START RECORDED INFORMATION

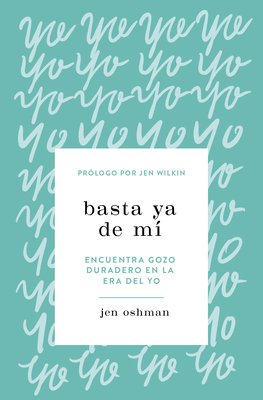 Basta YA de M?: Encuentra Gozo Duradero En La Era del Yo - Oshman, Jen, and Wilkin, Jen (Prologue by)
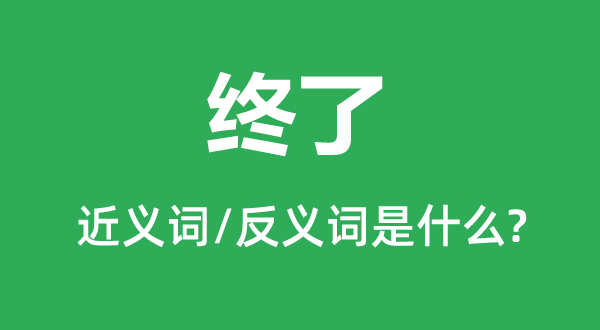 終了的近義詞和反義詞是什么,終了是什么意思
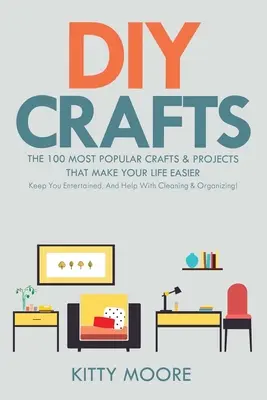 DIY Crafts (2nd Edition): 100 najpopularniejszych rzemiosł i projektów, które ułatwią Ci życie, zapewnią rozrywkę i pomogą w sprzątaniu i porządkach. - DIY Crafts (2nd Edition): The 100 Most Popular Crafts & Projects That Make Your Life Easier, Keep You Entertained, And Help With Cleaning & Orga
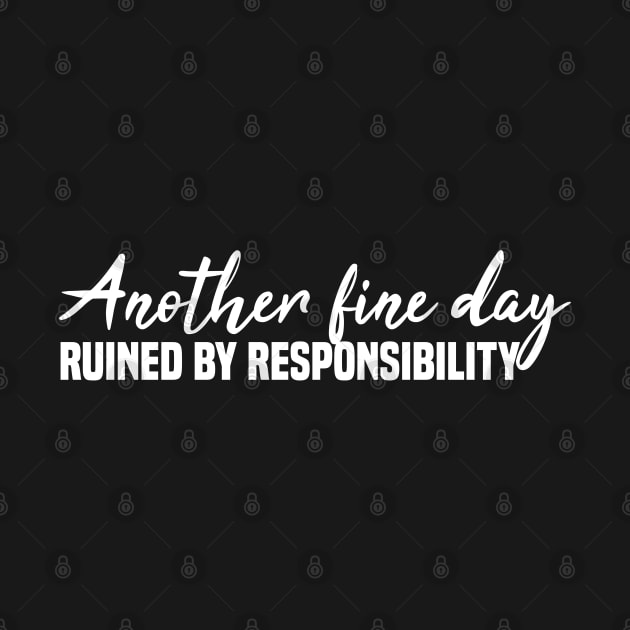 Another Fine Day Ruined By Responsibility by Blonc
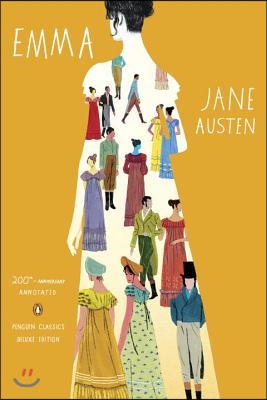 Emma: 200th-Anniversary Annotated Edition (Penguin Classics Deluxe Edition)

END RECORDED INFORMATION
START RECORDED INFORMATION

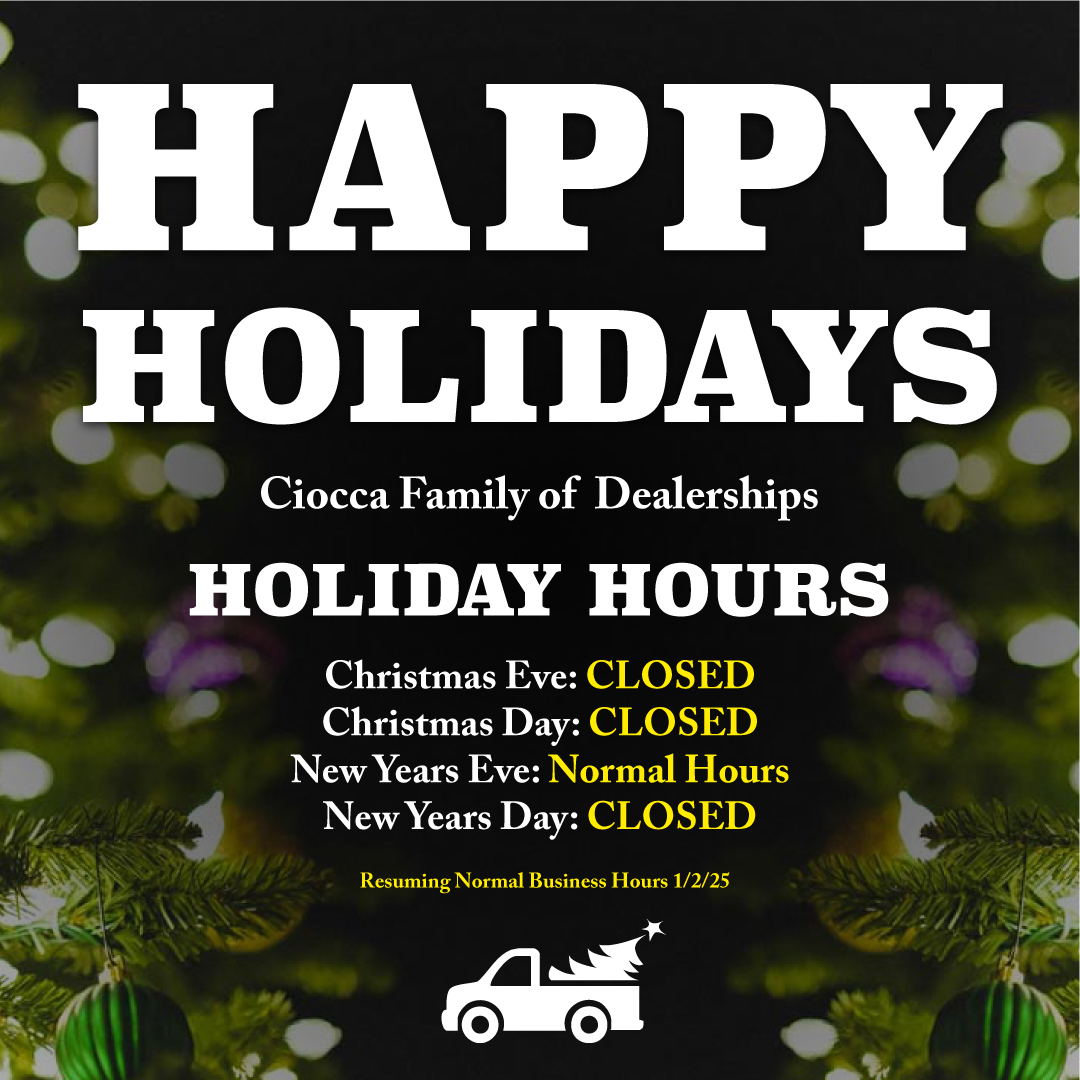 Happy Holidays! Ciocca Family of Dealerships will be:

END RECORDED INFORMATION

Word for word, write out the lines above running from the one with "DIY Crafts (2nd Edition): 100" up to and including the one with "Emma: 200th-Anniversary Annotated". Drop any picture.

 DIY Crafts (2nd Edition): 100 najpopularniejszych rzemiosł i projektów, które ułatwią Ci życie, zapewnią rozrywkę i pomogą w sprzątaniu i porządkach. - DIY Crafts (2nd Edition): The 100 Most Popular Crafts & Projects That Make Your Life Easier, Keep You Entertained, And Help With Cleaning & Orga
 Another Fine Day Ruined By Responsibility by Blonc
 Emma: 200th-Anniversary Annotated Edition (Penguin Classics Deluxe Edition)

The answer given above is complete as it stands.